Could anyone give me a better idea? :unsure: 

*I am not an active responder at the moment, as I am back home in GA and school is out.*


----------



## emt4life

I am not quite sure about that injury in particular, but as one who has dealt with a different knee injury I can suggest a couple of things.  First, follow your doctors instructions diligently, you don't want to screw the knee up even more than it already is.  Once your doctor thinks you are ready, get into physical therapy, they are mean at the time, but they work wonders.  At one point I couldn't even walk up and down stairs without pain, after physical therapy I haven't had a problem.  I had to fight for physical therapy with my insurance company, but it was completely worth it.  Once you are healed to the point that you do not need physical therapy, join a gym to keep up the strength, and consider contacting a personal trainer, they are specialists on dealing with people's different needs and can make sure you don't injure your just healed knee. 

Hope it helps!


----------



## Stevo

yeah i've only one outta two menisci (plural?) now too TCERT1987, i just hop a lot...

~S~


----------



## joemt

I have tears in the Meniscus (sp?) in both knees..... the #1 problem that I have is that on occassion, when I'm kneeling down (talking with a patient, picking something up, etc)... my knee "locks" in position.  The muscles spasm, and it's there, and very painful for quite some time... once I relax and the muscles relax as well, it's fine.... well, theres some residual dull pain for a while, but I can get up and walk.  As for a cure... don't know of one beyond possible surgery, but as you stated, you're still not ever back to 100%.  I've decided not to do surgery.... as I only have the problem on rare occassions.


----------



## disassociative

Ha; I thought this was a "How to" on getting a promotion.


----------



## Wingnut

disassociative said:
			
		

> Ha; I thought this was a "How to" on getting a promotion.


 

ROFLMFAO :lol:  :lol:  :lol: 

*dies*

OMG I needed that...................Thank you!


----------



## disassociative

disassociative said:
			
		

> Ha; I thought this was a "How to" on getting a promotion.
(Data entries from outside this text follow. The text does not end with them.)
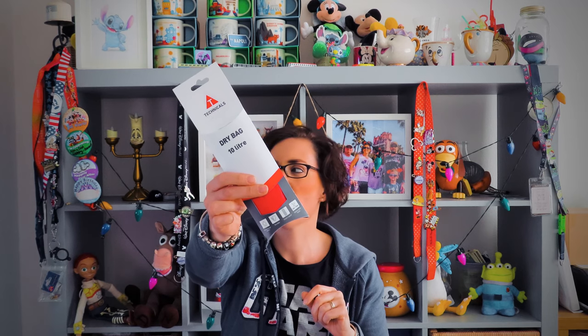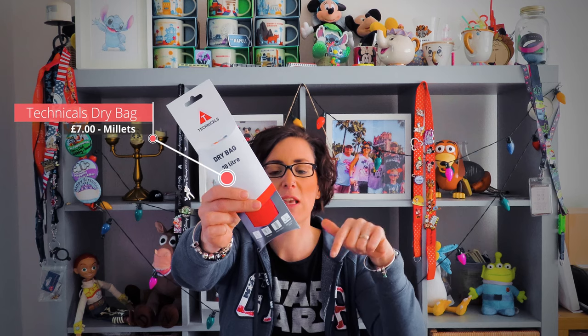Something else we bought this year that I'm hoping will come in really handy with all our tech stuff - we bought these really cool dry bags from Millets. They come in different sizes - this one's a 10-litre bag. You throw all your tech gear in - cameras, phones - roll the bag up and it keeps them dry. That was one of our biggest worries in the storms and on water rides like Splash Mountain. We've never used them before but they look really cool and I'm excited about keeping all my stuff safe.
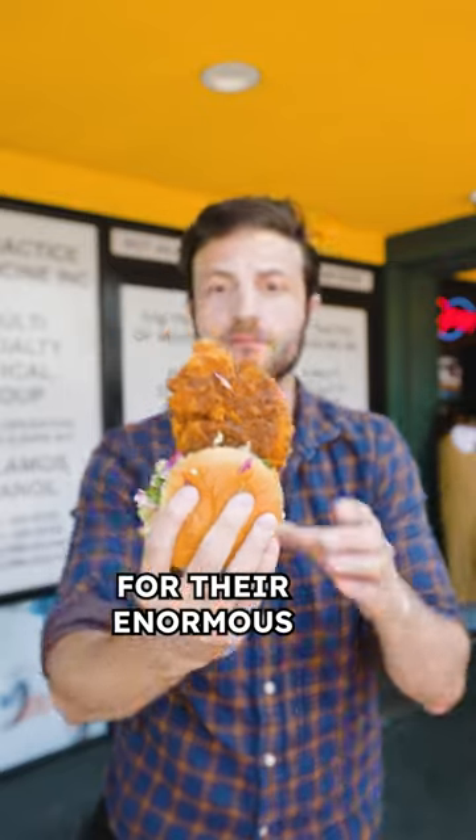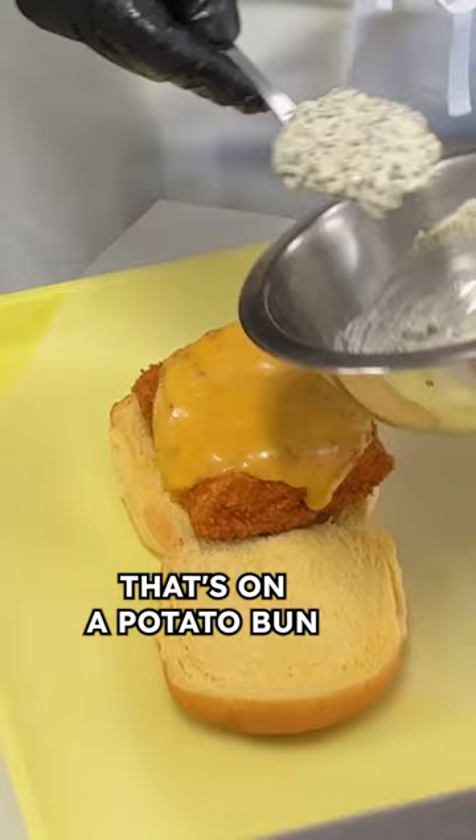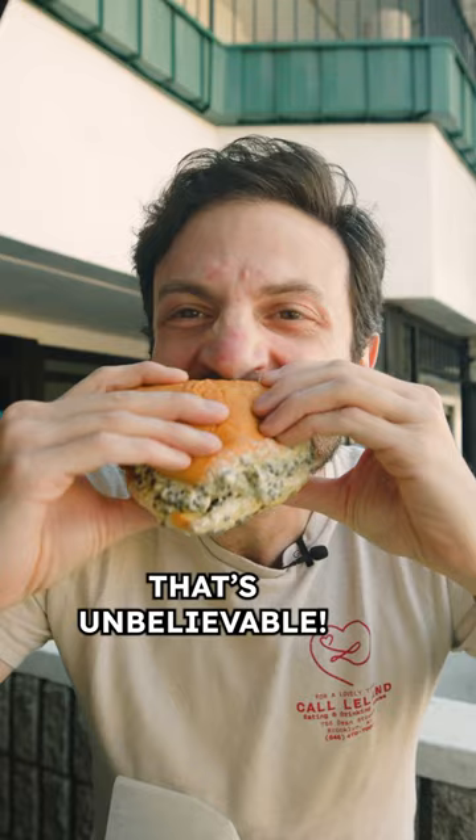Daybird might be more well known for their enormous Szechuan hot chicken sando, but don't sleep on their hot cod fish sandwich. It's on a potato bun with American cheese, a yuzu tartar sauce, and as an add-on, caviar. That's unbelievable.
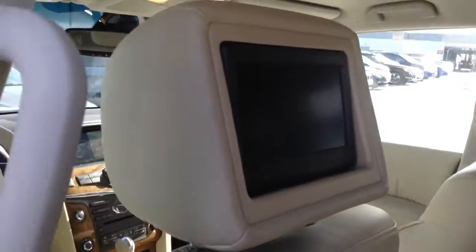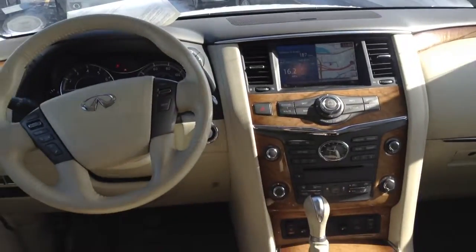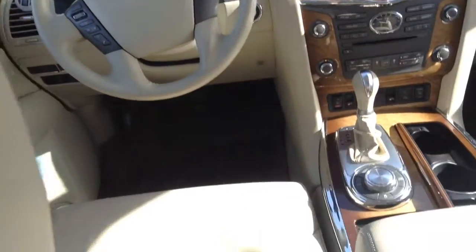Third row, of course, DVDs on the back, sunroof, navigation system, the larger 20-inch wheels on the car too — I think were the options.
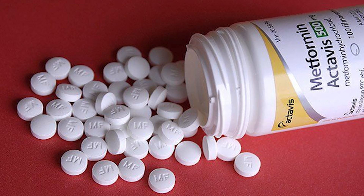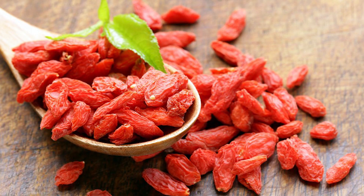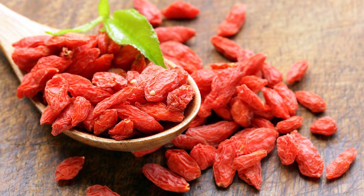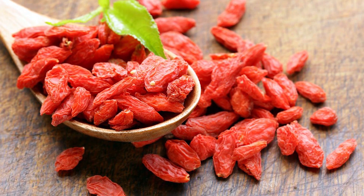In today's video we are going to be discussing three treatments for insulin resistance. One of these treatments, metformin, is a drug. And the other two, berberine and inositol, are naturally occurring substances found in food that can be concentrated into supplements. All three have been promoted as effective treatments for insulin resistance, type 2 diabetes, and PCOS. But are they all equally effective? And are they all safe?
I'm not laughing--I want that pay raise!


----------



## Wingnut

disassociative said:
			
		

> I'm not laughing--I want that pay raise!


 
Well with that approach you'll either get fired or get 2 raises!!


----------



## disassociative

I mean cmon; what EMS Manager wouldn't give you a raise for scrubbing
his floor? Oh, what were you guys thinking? Wait a minute--don't answer that, shame on you.


----------



## gradygirl

disassociative said:
			
		

> Wait a minute--don't answer that, shame on you.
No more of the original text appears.